Arcadia’s former fellow officer is Alex Stathos, who now works as a private detective for Ace Investigations with his partner Cecil Gillion. Alex and Cecil are investigating a series of ritualistic homicides that have all the earmarks of sacrificial killings. Neither Arcadia nor Alex suspect that the murderer — and we know this from page one, so don’t worry about any possible spoilers — is none other than Arcadia’s lover Lilac Antonis. Lilac is not merely a priestess but the earthly daughter of the goddess Logoi, and these human sacrifices are Lilac’s attempt to summon her divine mother to return and save the city and its people. (Such sacrifices are legal in this society if the victims consent, but we know Lilac’s victims were lured.) Lilac has deeply bitter and personal motives as well, as her own twin little girls were lured to their watery deaths by the glories. Arcadia is also pledged to Logoi, in a ritual years before that physically changed her sex. She is haunted by the memory of a mass slaughter in a nearby village named Shah, carried out not long after the gods departed, as a sacrifice to Logoi, in which Arcadia could not bring herself to participate, despite orders. Alex did participate, but he has grown to hold an undying resentment towards the gods for what they demand of their human subjects, let alone their abandonment.

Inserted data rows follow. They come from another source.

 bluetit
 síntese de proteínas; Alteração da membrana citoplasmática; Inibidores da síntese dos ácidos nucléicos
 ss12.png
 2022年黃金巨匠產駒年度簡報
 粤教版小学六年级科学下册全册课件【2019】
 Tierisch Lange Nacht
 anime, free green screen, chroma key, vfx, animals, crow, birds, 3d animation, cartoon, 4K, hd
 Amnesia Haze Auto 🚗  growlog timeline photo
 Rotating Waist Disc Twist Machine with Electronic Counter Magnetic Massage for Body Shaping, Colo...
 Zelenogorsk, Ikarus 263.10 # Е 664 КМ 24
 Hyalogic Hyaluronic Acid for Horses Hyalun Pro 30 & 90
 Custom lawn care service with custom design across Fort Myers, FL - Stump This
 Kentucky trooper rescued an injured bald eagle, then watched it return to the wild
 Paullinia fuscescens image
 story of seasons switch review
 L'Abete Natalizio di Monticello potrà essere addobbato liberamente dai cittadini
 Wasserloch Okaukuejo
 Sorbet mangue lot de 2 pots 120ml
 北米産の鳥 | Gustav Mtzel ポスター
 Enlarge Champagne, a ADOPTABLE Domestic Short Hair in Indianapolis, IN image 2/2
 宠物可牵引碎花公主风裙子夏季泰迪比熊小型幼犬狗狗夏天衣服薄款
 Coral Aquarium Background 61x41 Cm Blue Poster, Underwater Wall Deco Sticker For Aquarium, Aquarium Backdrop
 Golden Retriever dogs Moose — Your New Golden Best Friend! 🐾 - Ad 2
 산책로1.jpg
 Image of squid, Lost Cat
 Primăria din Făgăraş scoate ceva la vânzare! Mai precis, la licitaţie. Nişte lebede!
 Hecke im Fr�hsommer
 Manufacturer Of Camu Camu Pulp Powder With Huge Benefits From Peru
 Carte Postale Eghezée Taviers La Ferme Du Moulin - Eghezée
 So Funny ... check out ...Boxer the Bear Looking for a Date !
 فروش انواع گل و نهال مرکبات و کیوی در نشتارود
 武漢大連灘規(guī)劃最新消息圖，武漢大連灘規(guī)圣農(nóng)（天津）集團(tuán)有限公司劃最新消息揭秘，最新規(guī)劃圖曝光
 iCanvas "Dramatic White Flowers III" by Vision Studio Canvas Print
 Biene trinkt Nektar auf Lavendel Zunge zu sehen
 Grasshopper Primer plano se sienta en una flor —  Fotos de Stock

What follows is a plot packed so full of secrets and lies, double-crosses and betrayals, guilt and redemption, that to attempt to summarize it would have the bizarre effect of spoiling too much while explaining too little. It’s much more practical to talk about the story’s effect, which is often overwhelming. Though it’s all incredibly layered and dense, Piper manages to create a physically tactile world without heaps of exposition or loredumping, except, perhaps, in those scenes which owe the most to the tropes of detective noir, where villains deliver impassioned speeches explaining their motives.

And when I say physically tactile, I’m not exaggerating. The midsection of the novel consists of an extended storm sequence that is unlike nearly anything I’ve read in modern fantasy. What follows is, if possible, even more intense, as gods and demigods and human characters find themselves in an inextricable conflict with apocalyptic stakes. If there’s anything to critique here, it may be that some readers will find No Gods for Drowning a bit too much of everything; too busy and complex, too visceral, too frenetic, too full of anguish. What Roger Ebert used to call “too much of a muchness.” But it’s also a story that draws upon a deep well of pain — the need we all have to feel loved and protected and watched over — to extract hope and promise and the chance of a brighter future. It’s a book that pulls its readers in deep over their heads, not for drowning, but immersion.